§ **Task objective**
Copy verbatim the span of lines beginning at the line that contains "Белый Фольксваген ID.3, объемом" and ending with the final line of the data. Exclude pictures from the copy.
☆ ☆ ☆ ☆ ☆ ☆ ☆
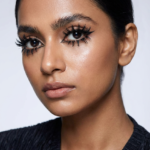 Feathered Lashes vs. Dramatic Lashes: Which Trend Suits You?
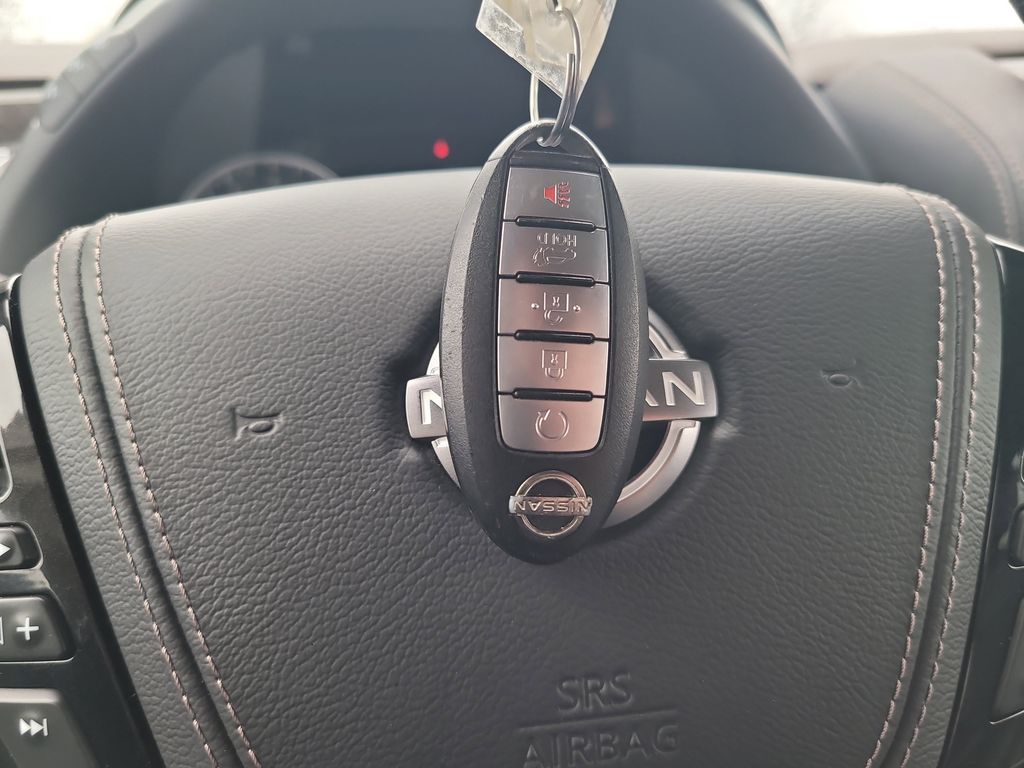 2023 Nissan Armada Platinum - Photo 32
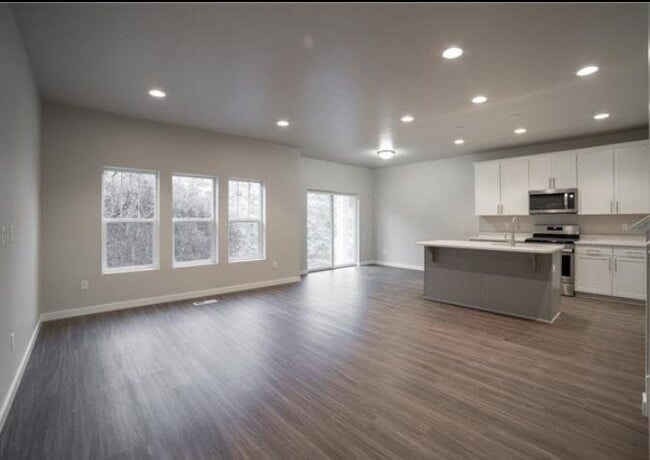 Building Photo - 5006 N Marble Fox Way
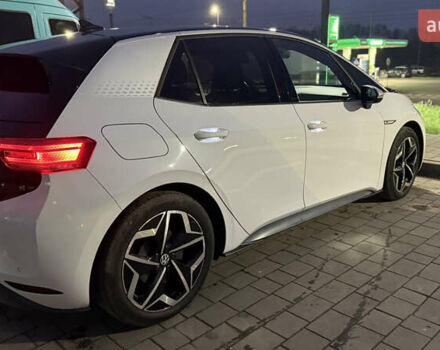 Белый Фольксваген ID.3, объемом двигателя 0 л и пробегом 63 тыс. км за 17900 $, фото 10 на Automoto.ua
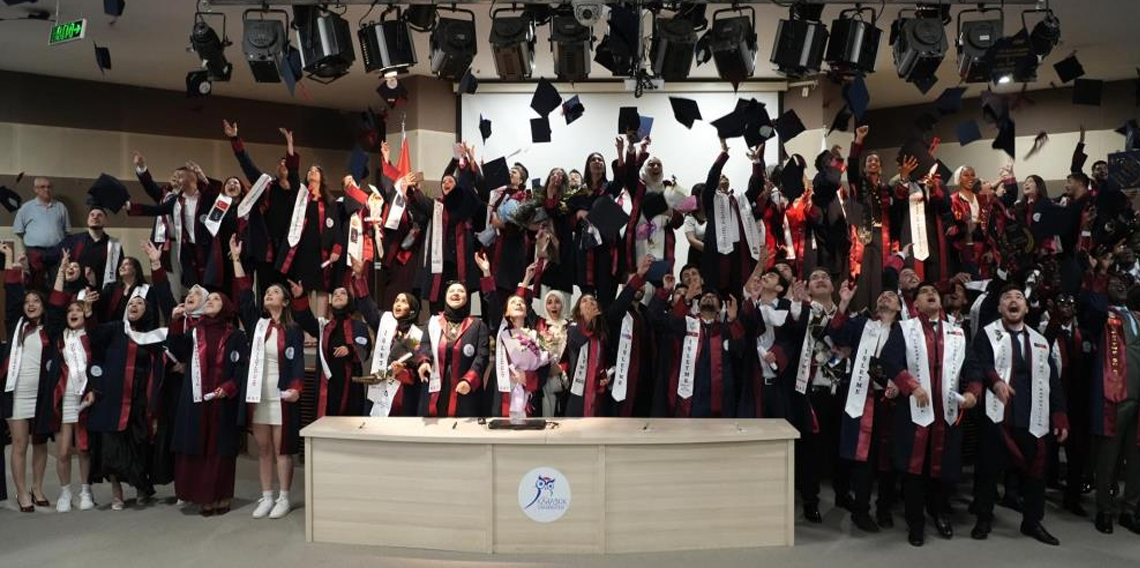 Karabük Üniversitesinde mezuniyet coşkusu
☆ ☆ ☆ ☆ ☆ ☆ ☆
§ **Answer to the problem**
 Белый Фольксваген ID.3, объемом двигателя 0 л и пробегом 63 тыс. км за 17900 $, фото 10 на Automoto.ua
 Karabük Üniversitesinde mezuniyet coşkusu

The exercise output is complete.